Выяснилось, что от предложенной каши, которая показалась Дане пресной и невкусной, он, разумеется, отказался, и ушел погулять. Пришел уже сытый, правда, побледневшая было за ночь сыпь, снова расписала его узорами…
Лариса почему-то не прыгнула за руль и не рванула спасать сына, а позвонила ему.
– Дань, ты где позавтракал?
– Мам, да я только маленький чизбургер взял! И пирожок! – расстроился сын. – А оно ОПЯТЬ!
– Дань, когда тебе было пять лет, я могла всё это понять… но тебе уже двенадцать и ты самостоятельно решаешь многие вопросы. Ты же имеешь на это право?
– Имею!
– Правильно, только вот и обязанности тоже имеешь. Например, по отношению к собственному организму. Если ты знаешь, что тебе эти продукты нельзя, а ты снова их ешь, кто ж тебе виноват? Если тебе не нравится бабушкина готовка, возвращайся домой.
– И ты посадишь меня на диету? – обиделся Даня, которому хотелось, чтобы мама приехала, дала ему какое-то супер-лекарство, и разрешила бы жить так, как ему хочется.
– Нет, зачем? Я же не могу запереть тебя в твоей комнате и кормить насильно. Ты уже сам должен контролировать свои желания.
– Я не хочу так! Я хочу по-другому!
– Сашка на такие вещи тебе говорила: «Похотеть можешь – получить нет!» – вздохнула Лариса.
– И ты даже не приедешь?
– Дань, я сейчас в дороге, под Питером, вернусь поздно. Если ты хочешь вернуться…
– Нет! Не хочу! Ты ничего не понимаешь! – взвился Даня, который за время пребывания на «идеальных каникулах» слегка утратил связь с реальностью, бывает такое, когда человек слишком много смотрел на экран и видел там всё, что угодно, то только не то, что он должен делать.
– Ну хорошо. Тогда оставайся у бабушки и папы! – легко согласилась мама. – Постарайся всё-таки не есть то, что тебе нельзя, у тебя организм и так долго терпел твои выкрутасы. Не доводи его дальше.
Стоило только закончить разговор с шокированным до глубины души сыном, как позвонил бывший муж.

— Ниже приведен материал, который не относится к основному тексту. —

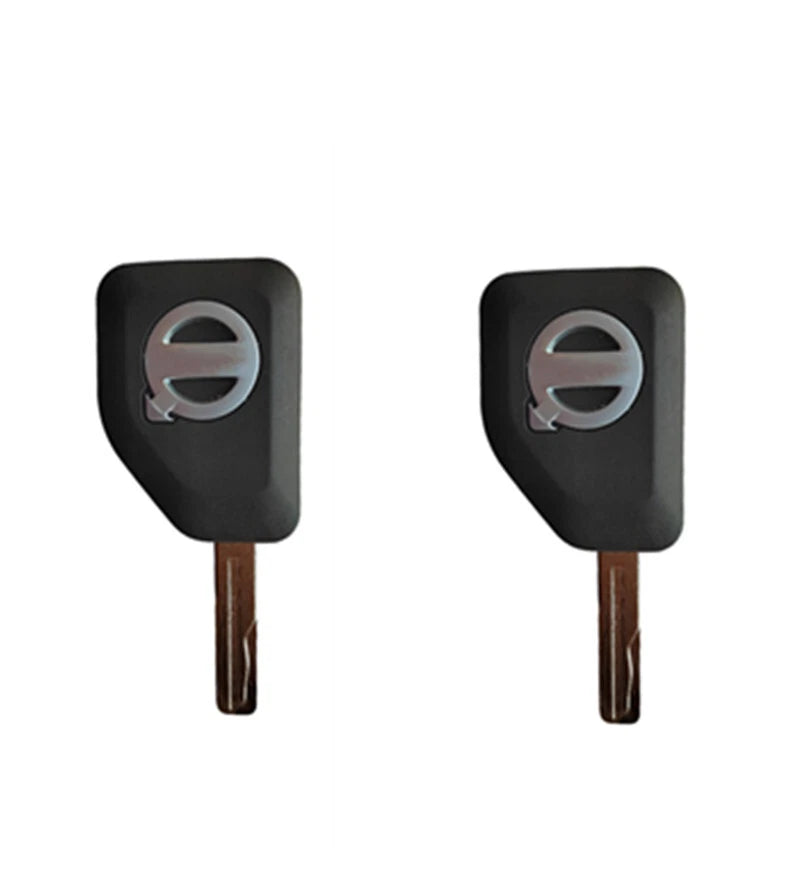 2pc Key Set for Volvo Heavy Equipment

– Я не понимаю, как ты можешь называть себя матерью, если у тебя болеет ребёнок, а ты до сих пор к нему не приехала? – начал он.
– А что такое? Никакой болезни, которая требует моего присутствия, у Дани нет. Я неоднократно говорила и тебе и Валентине Петровне о том, что Дане есть нельзя, правда? Правда. Даня об этом тоже знает, но раз ему разрешали и бабушка, и папа, выставляя себя хорошими, а меня – занудной придирой, то он, конечно же, доверился вам и получил, что получил. Максим, давай честно… ты же сам сказал, что будешь сыном заниматься – вот и давай!
– Как я могу им заниматься, если это всё твоё воспитание?
– Погоди-ка… мы в разводе всего год. Ты хочешь сказать, что я за год разрушила всё то, что ты дал сыну за одиннадцать лет его жизни?
Как можно ответить на такой вопрос, а? Ну, как?
Сказать, что да, разрушила, этакая негодяйка, так что ты за отец, раз такое слабое воспоминание о настоящем мужском воспитании оставил в собственном сыне? К тому же Лариса вовсе не запрещала им общаться…
Сказать, что нет, не разрушала, а тогда, кто же во всём виноват?
Обидно…
Максим привычно пообижался, высказал что-то вроде:
– Все вы, бабы, такие! – эта фраза универсальна к применению некоторыми мужчинами, в моменты, когда они в упор не знают, что именно можно сказать.
Лариса пожала плечами, беззвучно рассмеялась и поняла, что, пожалуй, начинает получать удовольствие от сближения сына и отца.
– О, сколько откровений дивных вы приготовили себе! – промурлыкала она, когда муж отключился.
Впрочем, потом позвонила Сашка и рассказала, что вся та же «обязательная программа» была выполнена и с ней, разве что в словосочетании «какая ж ты мать», слово «мать» было заменено на «сестра».